総裁のおことば

公益社団法人日本植物園協会第 60 回大会 総裁 秋篠宮皇嗣殿下お言葉

2025 年(令和 7 年)5 月 27 日(火)

「公益社団法人日本植物園協会第60回大会」が、浜名湖や天竜川、遠州灘などの豊かな自然環境を有する浜松市で開催され、本年も皆様とお目にかかれましたことを誠にうれしく思います。また、本日表彰を受けられる方々に、心からお慶びを申し上げます。

日本植物園協会は、1947年5月の創立以来、今年で78年を迎えました。この間、全国的な植物園ネットワークを通じて、植物園や植物に関する文化と科学技術の振興、希少種や希少品種、自然環境の保全に大きく貢献する事業を実施してまいりました。

当協会が社団法人となった1966年の開催を第1回とするこの大会は、今回、60回目を迎えることとなりました。60回記念事業の一環として、大会2日目には、開催園である「はままつフラワーパーク」の塚本こなみ園長による記念講演が予定されております。このような節目の大会を、ここに集う、全国の植物園運営に携わる皆様とともに迎えられますことを、誠に喜ばしく思います。
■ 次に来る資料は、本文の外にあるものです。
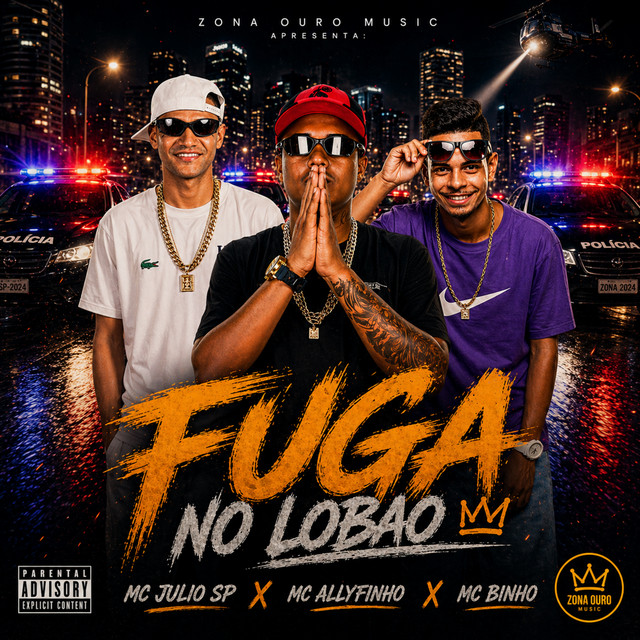 Fuga No Lobão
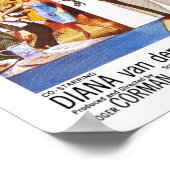 Het Man met röntgenogen Poster (Hoek)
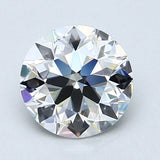 1.5 Carat Natural Diamond - ROUND - Diamonds By Rothschild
さて、このたびの開催を引き受けてくださった「はままつフラワーパーク」は、1970年9月の開園以来、市民の憩いの場として親しまれてきました。また、世界の植物展示や新品種開発にも取り組み、百種接分菊の栽培管理や展示等の活動をとおして、日本の伝統園芸の継承にも寄与しています。昨年には、私が名誉総裁を務めた浜名湖花博から20周年の記念事業を実施したところ、浜松市民のみならず、県外や海外からも多くの来園者を迎えたとのことです。テクノロジーと花と緑の融合を提案・発信する拠点として、幅広い世代に認知していただく契機となり、人々の植物への関心を高め、ひいては植物園としての存在意義を高める成果を得ることができたと伺っております。

気候変動などの地球環境問題に直面している今日、絶滅危惧種の系統保存や、生物の多様性保全など、従来から植物園が取り組んでいる様々な活動は、年々その重要性を増してきております。中でも、若い世代に向けて行う植物に関する知識の普及と啓発を図る活動は、持続可能な社会の実現のための大きな役割を果たしていると申せましょう。ここに集われている、全国の植物園運営に携わる皆様が、そうした植物園の社会的重要性を意識し、植物園の一層の発展に寄与していただくことを願っております。

植物園には、開園に至るまでの様々な経緯を由来とした特色や専門分野があり、活動内容は多岐にわたります。そのような状況のもと、園間の相互連携を深めることも大切です。各園の地域や風土に根差した独自の活動に、他園から学ぶべき点を加えることで、それぞれの園が担う社会貢献の領域を今まで以上に広げることが期待されます。

おわりに、本日からの大会が、植物園を拠点とした植物の管理育成および生物多様性保全、植物学ならびに植物文化の普及啓発などについての活発な情報交換と意見交換の場になることを期待いたします。そして、全国の植物園の有機的なつながりがさらに強まり、あわせて、日本植物園協会の活動が今以上に充実していくことを祈念し、大会に寄せる言葉といたします。